My father loved The Red Skelton Show. I watched and loved it, too. And so comedy seeped its way into my veins.
No one could top Red for me until The Carol Burnett Show happened along. I LOVED Carol Burnett. She was funny, too. Especially her pitiful Eunice character. Tragic and sad, yet, in the midst of all that dysfunction, laugh-out-loud funny. Suddenly, funny seemed so natural to me. When you’re shy as a child, humor is a great way to break out of your shell. Every once in a while I run across someone who tells me I was shy when they first met me. Usually, they just tell me I was weird.

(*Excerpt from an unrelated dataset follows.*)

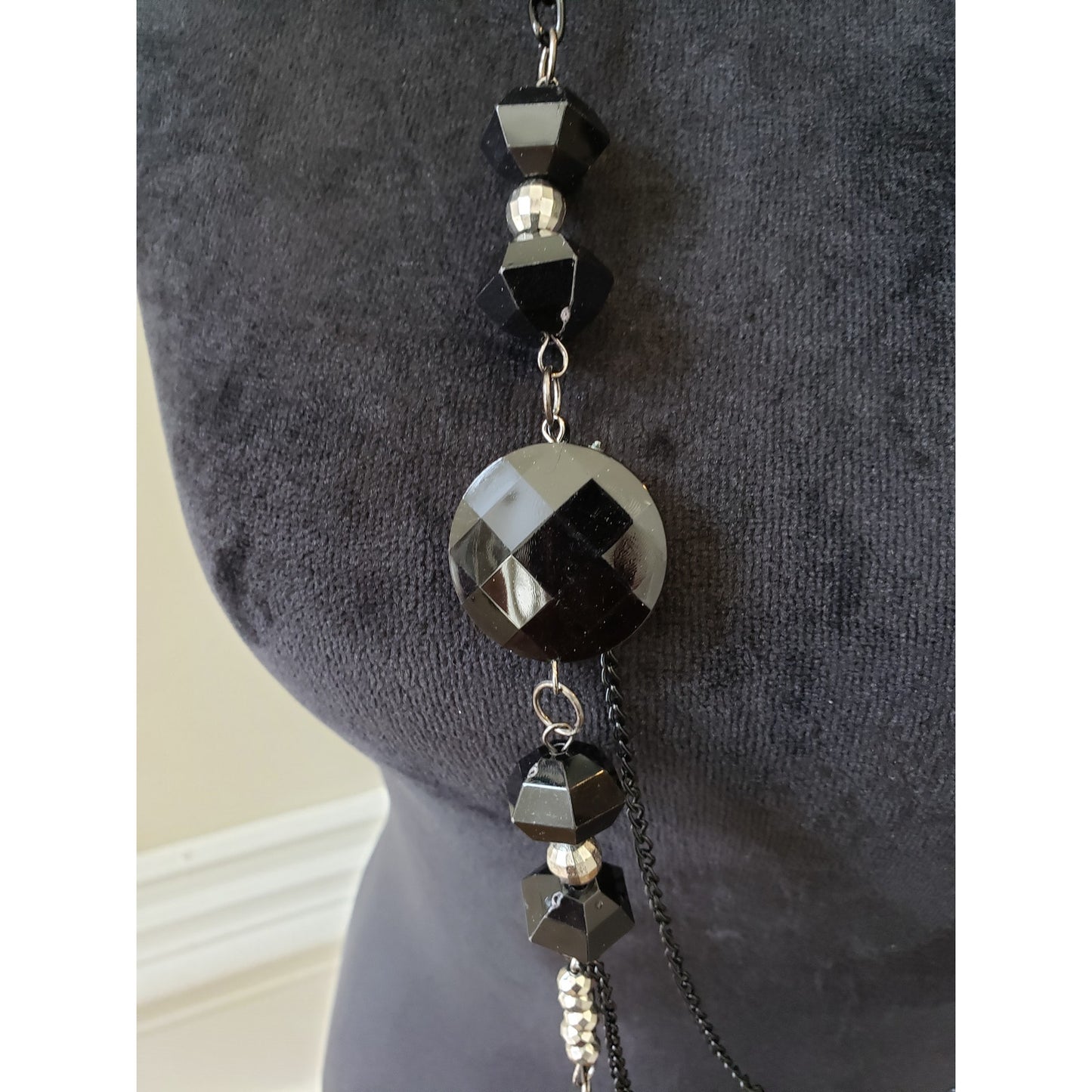 Women Black Tone Multi Layered Faceted Glass Beads Statement Necklace w/ Lobster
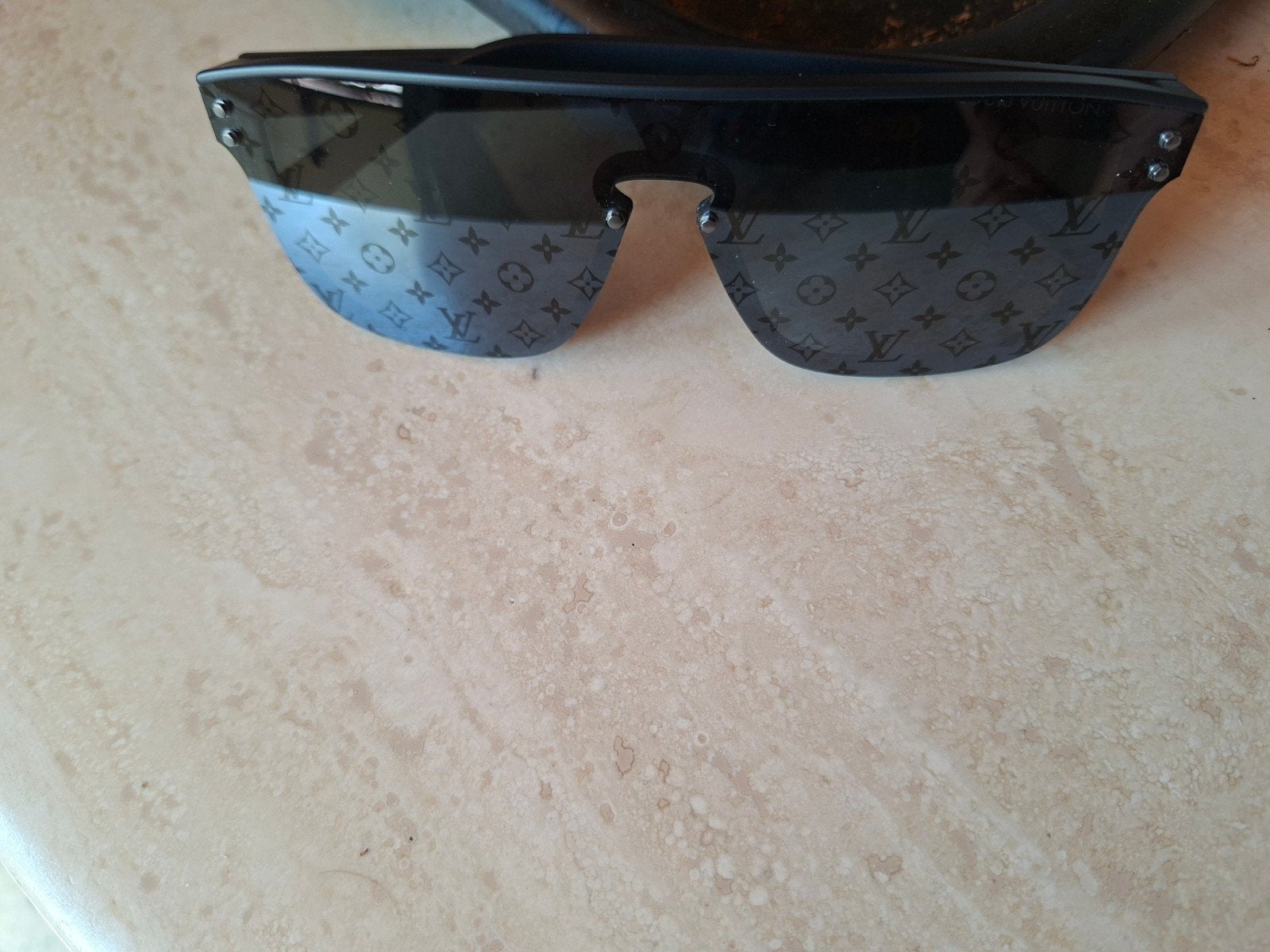 Lunette Louis vuitton, Enlèvement ou Envoi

Well, I was raised on Topo Gigio, Red Skelton, and Carol Burnett, with a healthy dose of Bugs Bunny and Grover from Sesame Street thrown in (I didn’t discover Grover until I was 15—long story involving a coveted color television set and my high school that year being on split shift and not starting until afternoon).
And people wonder why I’m a bit odd. Now you know.
Except for Sesame Street, which came after my time, it sounds like we watched the same shows. Carol Burnett was brilliant! I caught a bit of the old Bob Newhart show last night, his first one. He and his TV wife were in bed sick, and not a lot was happening, but it was FUNNY! I was sorry I missed the episode.
Hi Edie,
At 15, I should not have been watching Sesame Street! But we’d never had a colour television before and it was the only thing ON TV before my high school in grade ten afternoon split shift began. I fell in love with Grover, and a close friend fell in love with the Count. “Channeling” for my Grover hand puppet in university, in retrospect, unleashed a boatload of creativity.
Thank you for mentioning Bob Newhart. I’d forgotten about his show. I didn’t watch it regularly, but I super enjoyed it. And then the later Bob Newhart show set in New England was wonderful. Of course, Bob on Carol Burnett was always a treat, too.